# Thousand Trails Soledad Canyon For Memorial Day We



## Mgonzo2u (Aug 3, 2004)

Taking the BIL and my family out for some RR at our Thousand Trails Soledad Canyon preserve. Weather looks accomodating and the rig is spit shined and ready to go.

http://www.thousandtrails.com/site/page/pg3487-as22.html

Happy camping to all!


----------



## California Jim (Dec 11, 2003)

Have a great trip Gonzo. We have yet to get out to Soledad. Maybe next year as this year is already pretty much booked up believe it or not. Enjoy


----------



## Mgonzo2u (Aug 3, 2004)

CJ,

I have met more than one family at other TT preserves that tell me that Soledad Canyon is their favorite So Cal preserve.

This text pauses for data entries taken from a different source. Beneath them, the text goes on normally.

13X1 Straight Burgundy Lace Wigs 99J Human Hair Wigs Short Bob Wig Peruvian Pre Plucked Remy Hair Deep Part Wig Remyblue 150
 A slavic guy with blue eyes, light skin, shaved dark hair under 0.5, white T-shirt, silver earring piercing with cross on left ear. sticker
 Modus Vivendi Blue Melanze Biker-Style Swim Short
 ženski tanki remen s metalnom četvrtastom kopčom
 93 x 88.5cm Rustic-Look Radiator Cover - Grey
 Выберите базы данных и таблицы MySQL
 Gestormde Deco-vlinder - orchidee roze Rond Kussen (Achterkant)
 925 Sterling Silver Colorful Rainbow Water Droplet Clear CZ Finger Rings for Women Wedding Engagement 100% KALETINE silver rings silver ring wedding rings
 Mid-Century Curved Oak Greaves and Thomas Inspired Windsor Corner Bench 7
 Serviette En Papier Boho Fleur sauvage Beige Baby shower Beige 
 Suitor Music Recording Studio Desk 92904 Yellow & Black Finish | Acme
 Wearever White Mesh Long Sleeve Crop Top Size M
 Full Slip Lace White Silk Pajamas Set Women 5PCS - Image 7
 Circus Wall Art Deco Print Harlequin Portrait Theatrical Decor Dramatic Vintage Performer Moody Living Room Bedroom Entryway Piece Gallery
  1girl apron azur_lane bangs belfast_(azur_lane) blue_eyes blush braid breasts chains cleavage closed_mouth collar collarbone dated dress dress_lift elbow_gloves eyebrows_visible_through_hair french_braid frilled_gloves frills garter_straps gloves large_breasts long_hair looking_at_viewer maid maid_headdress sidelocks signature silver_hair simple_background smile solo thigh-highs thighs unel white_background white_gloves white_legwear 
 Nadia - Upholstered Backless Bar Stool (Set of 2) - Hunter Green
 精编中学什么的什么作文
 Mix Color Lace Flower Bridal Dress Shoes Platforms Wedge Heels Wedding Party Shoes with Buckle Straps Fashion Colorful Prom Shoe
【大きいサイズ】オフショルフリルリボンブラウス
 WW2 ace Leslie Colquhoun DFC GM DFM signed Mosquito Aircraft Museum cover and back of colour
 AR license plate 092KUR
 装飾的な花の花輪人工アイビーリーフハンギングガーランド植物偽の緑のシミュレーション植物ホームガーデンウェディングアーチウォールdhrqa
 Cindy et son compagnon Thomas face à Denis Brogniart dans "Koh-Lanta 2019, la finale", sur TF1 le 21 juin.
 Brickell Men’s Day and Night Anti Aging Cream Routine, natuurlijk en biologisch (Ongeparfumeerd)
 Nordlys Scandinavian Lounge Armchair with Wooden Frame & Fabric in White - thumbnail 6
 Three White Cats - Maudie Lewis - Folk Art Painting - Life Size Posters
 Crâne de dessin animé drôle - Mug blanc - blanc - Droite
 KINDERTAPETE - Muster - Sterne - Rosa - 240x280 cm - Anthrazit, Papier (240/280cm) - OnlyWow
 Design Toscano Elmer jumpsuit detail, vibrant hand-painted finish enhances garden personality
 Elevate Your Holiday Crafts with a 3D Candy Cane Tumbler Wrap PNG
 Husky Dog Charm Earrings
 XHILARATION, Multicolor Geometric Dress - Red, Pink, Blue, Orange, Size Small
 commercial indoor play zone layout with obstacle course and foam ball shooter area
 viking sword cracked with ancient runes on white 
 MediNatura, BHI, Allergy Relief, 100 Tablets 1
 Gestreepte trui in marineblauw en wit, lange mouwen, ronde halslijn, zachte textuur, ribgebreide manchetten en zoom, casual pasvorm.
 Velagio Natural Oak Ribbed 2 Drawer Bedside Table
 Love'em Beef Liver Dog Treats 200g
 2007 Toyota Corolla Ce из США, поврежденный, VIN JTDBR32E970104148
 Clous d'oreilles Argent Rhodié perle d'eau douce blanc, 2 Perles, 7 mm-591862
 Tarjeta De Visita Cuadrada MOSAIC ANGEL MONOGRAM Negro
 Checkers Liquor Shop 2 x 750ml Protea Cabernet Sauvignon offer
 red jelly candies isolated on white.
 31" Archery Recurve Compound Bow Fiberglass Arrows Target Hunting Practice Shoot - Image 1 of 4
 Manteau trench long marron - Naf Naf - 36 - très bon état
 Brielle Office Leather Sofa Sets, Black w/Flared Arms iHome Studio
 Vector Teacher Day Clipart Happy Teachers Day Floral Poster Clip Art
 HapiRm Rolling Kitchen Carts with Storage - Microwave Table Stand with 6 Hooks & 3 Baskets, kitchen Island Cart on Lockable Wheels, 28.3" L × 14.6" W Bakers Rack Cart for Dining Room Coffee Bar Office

I guess I'll find out for myself. Personally, I like the TT Idyllwild preserve the best thus far out of the So Cal options.


----------



## California Jim (Dec 11, 2003)

Same here, Idyllwild is very nice. We also really liked and want to go back to Rancho Oso again this year. Both my little ones keep bugging me about riding horses again and know "Rancho Oso" by name







Guess we are heading back there







The campground itself is nothing fantastic, but you can do easy day trips to Santa Barbara and Solvang.

It's all good


----------